SOURCE DATA:
• • •
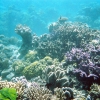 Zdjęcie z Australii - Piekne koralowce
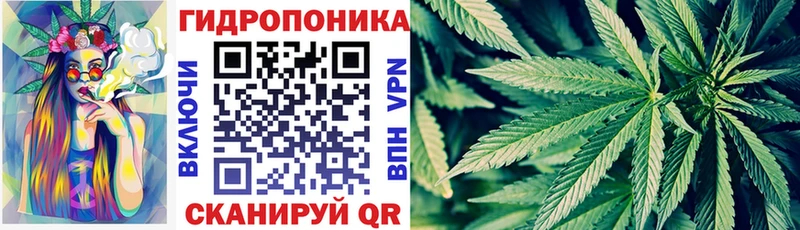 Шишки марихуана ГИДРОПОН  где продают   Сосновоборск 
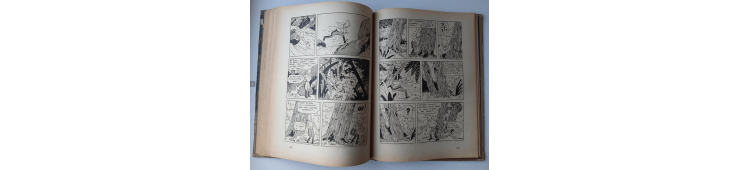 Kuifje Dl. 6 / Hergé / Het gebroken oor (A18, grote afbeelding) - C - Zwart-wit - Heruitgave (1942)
• • •
WHAT YOU WILL DO: Once more, please print the whole listing exactly, omitting each image.

YOUR SOLUTION:
 Zdjęcie z Australii - Piekne koralowce
 Шишки марихуана ГИДРОПОН  где продают   Сосновоборск 
 Kuifje Dl. 6 / Hergé / Het gebroken oor (A18, grote afbeelding) - C - Zwart-wit - Heruitgave (1942)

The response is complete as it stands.